That blaring noise you can hear could be the sound of the UK missing the boat. A succession of crises over more than a decade revealed the UK’s dependence on fossil fuels, increasingly imported, to be both perilous and expensive. The fuel protests of 2000 showed the interconnected vulnerability of our food and fuel systems, while the oil price spike of 2008 revealed the economy as hostage to volatile market.
You’d think then, that if only as an exercise in prudent government – forget about climate change for a moment – aggressive energy diversification into abundant, domestic renewable sources would be a good idea.
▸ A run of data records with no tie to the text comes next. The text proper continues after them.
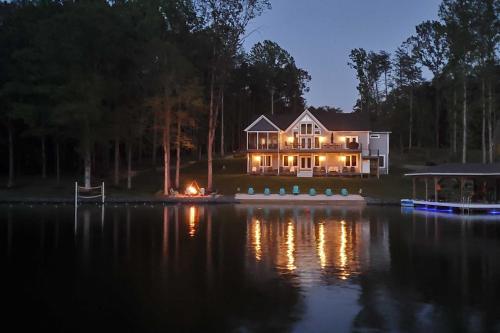 Waterfront Lake Anna Home with Dock Beach and Kayaks - main image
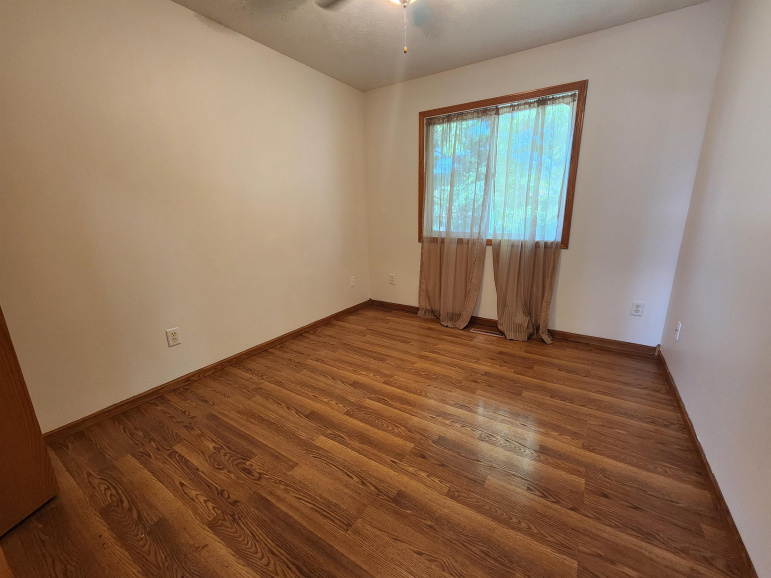 4 Willow Lane Kearney, Nebraska 68845, 3 Bedrooms Bedrooms, ,1 BathroomBathrooms,Residential,For Sale,4 Willow Lane,20260730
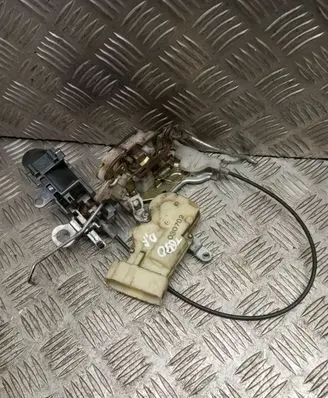 Toyota Yaris Front door lock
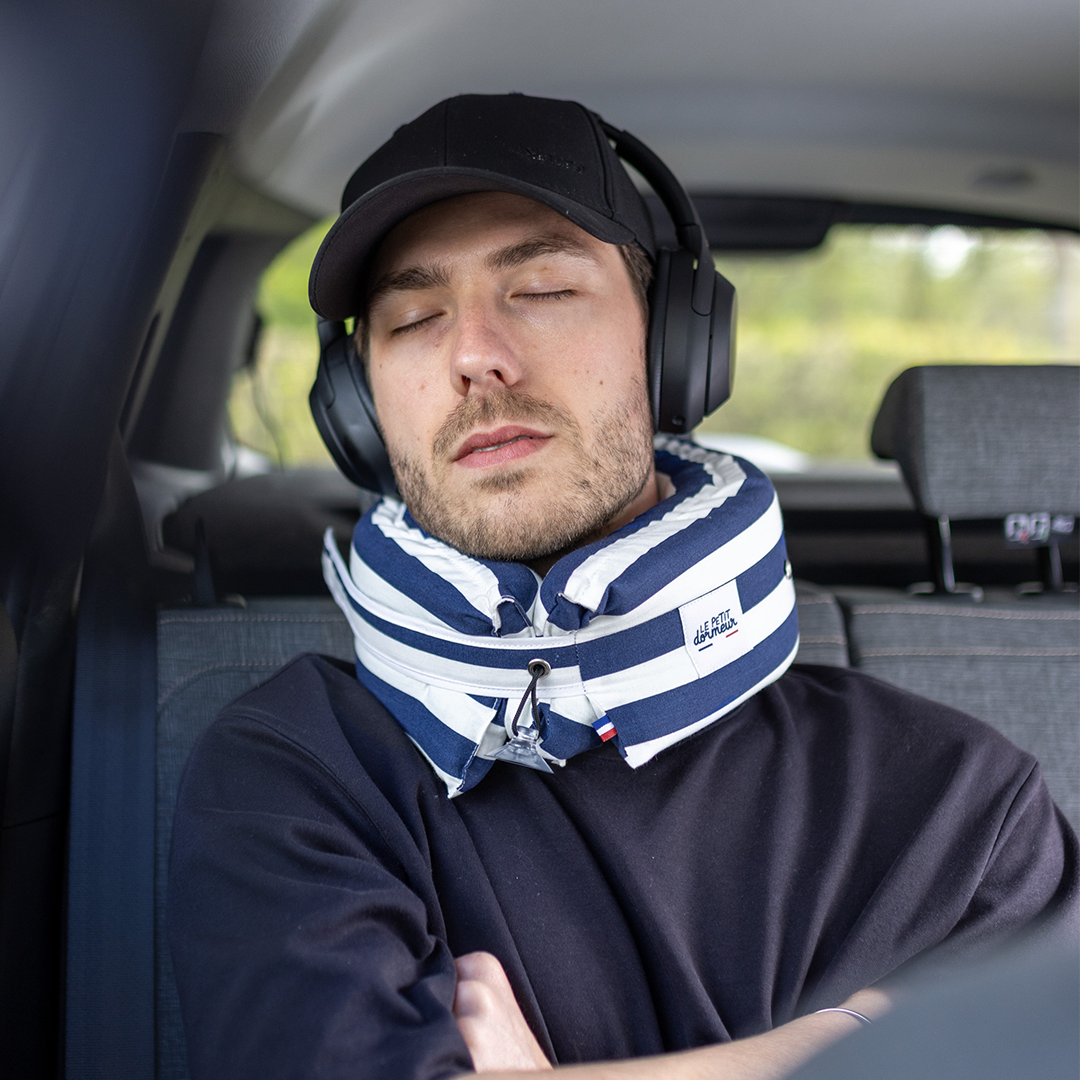 Coussin de Voyage Le Petit Dormeur - Rayé bleu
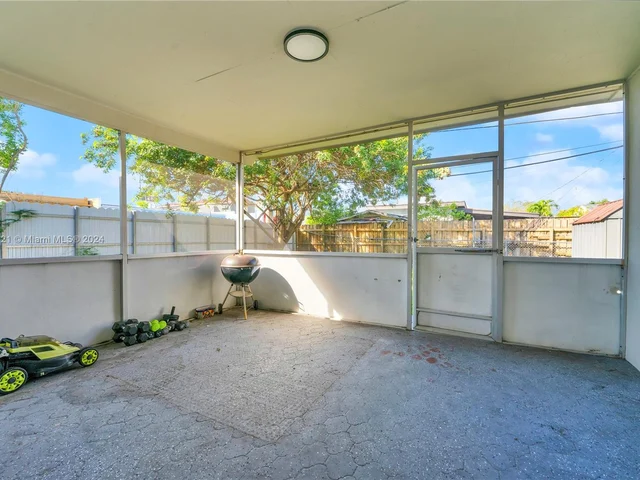 720 SW 60th Ave, Miami FL 33144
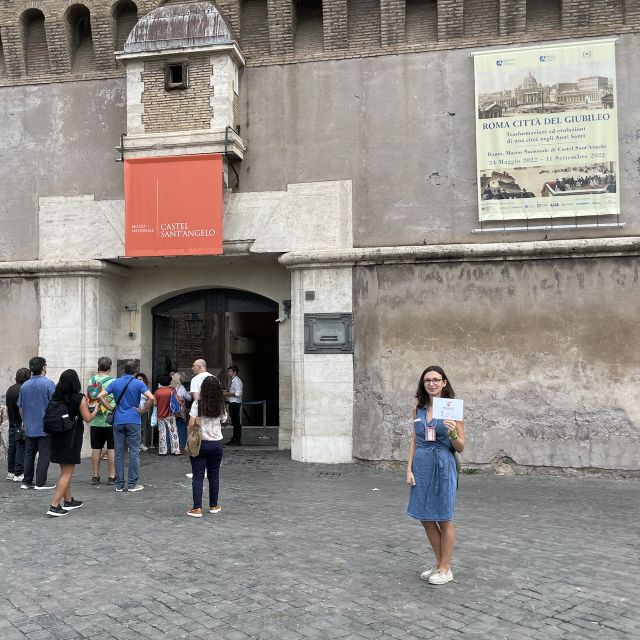 Rome: Castel Sant'Angelo Tour With Skip-the-line Access - Papal corridors, apartments, and the art you shouldn’t rush past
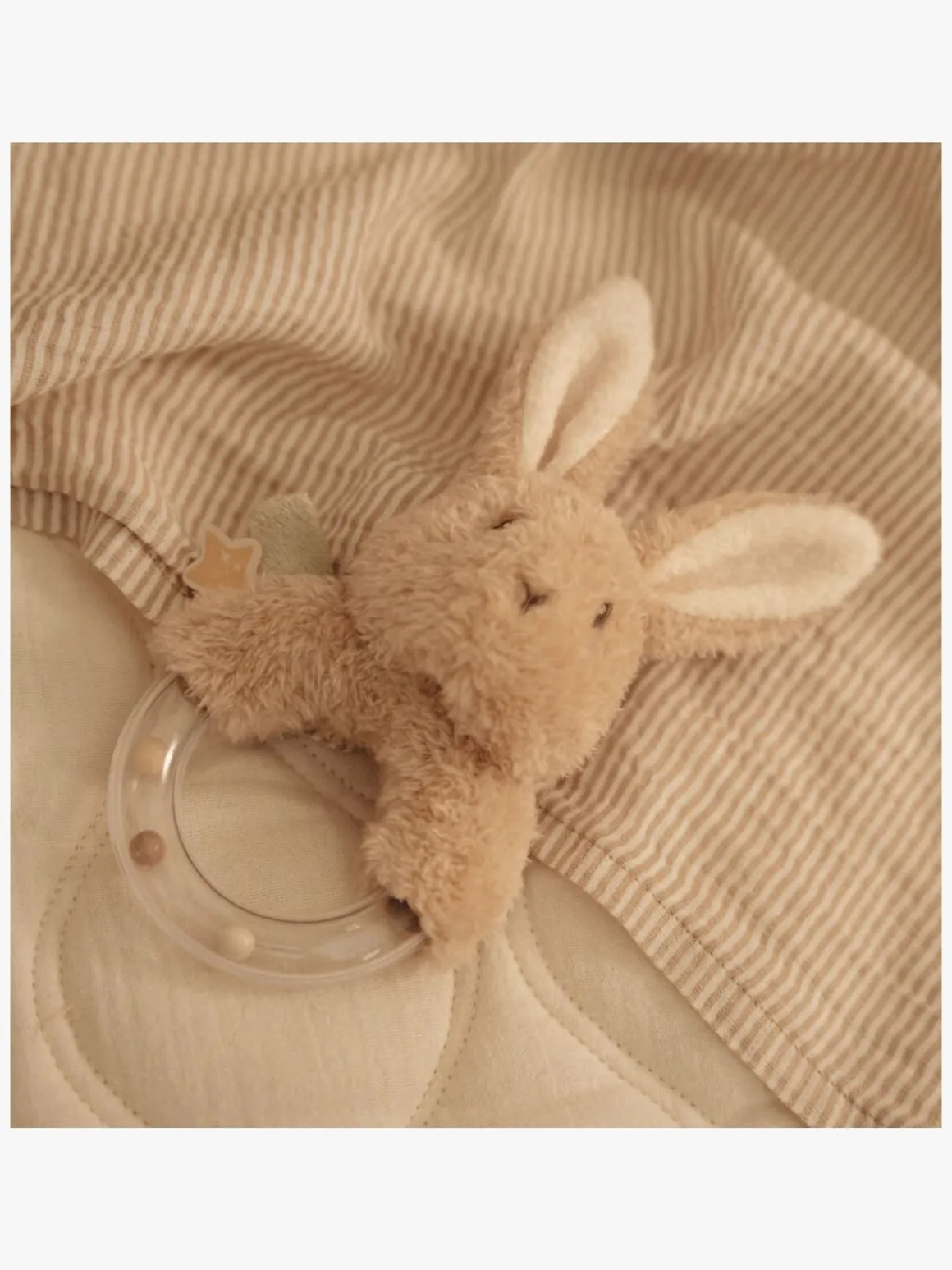 Little Dutch Baby Bunny Rangle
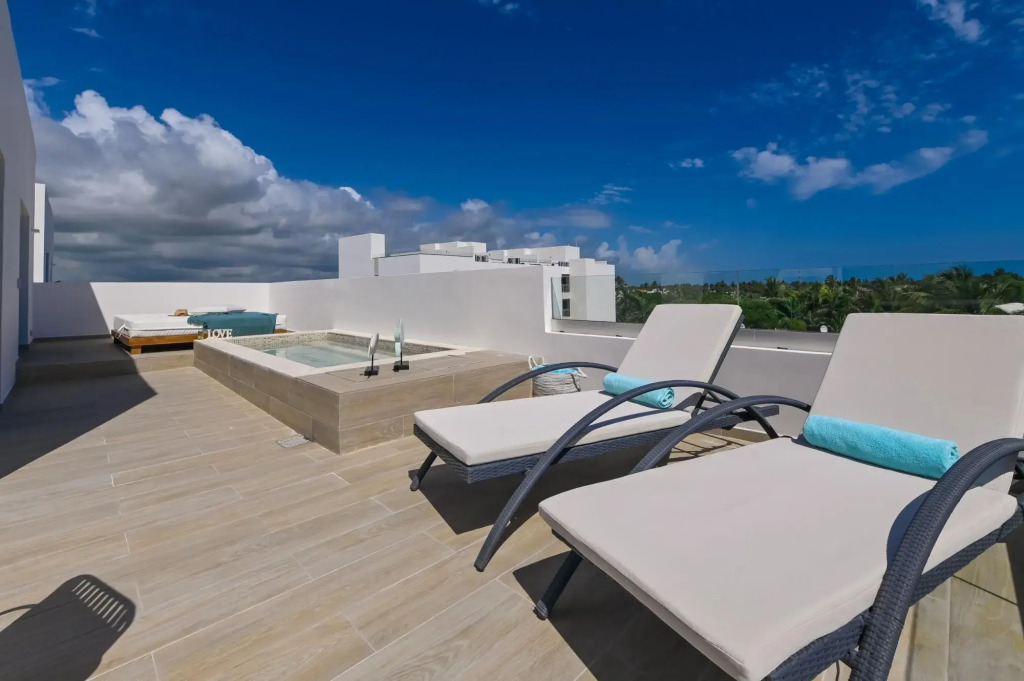 Gorgeous private roof with private picuzzi. A401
Yet, if anything, flip-flopping on feed-in tariffs and scaldingly negative remarks from the chancellor, George Osborne, and others have, wilfully or not, undermined a whole UK industrial sector just as it could be growing, creating jobs and being a world leader.
Renewables are, according to the International Energy Agency, now the fastest growing global energy sector, set to beat gas and generate double the supply from nuclear power by 2016.
You might think that any government would look at a market like that, which can only get bigger (while oil, for example, by definition can only do the opposite), and want a big slice.
Why, then, would the Treasury go out of its way to remain in ignorance of both the problem and the opportunity represented by climate change and the challenge of resource depletion? In March it was revealed that the most powerful department in government had its head shoved firmly in the sand.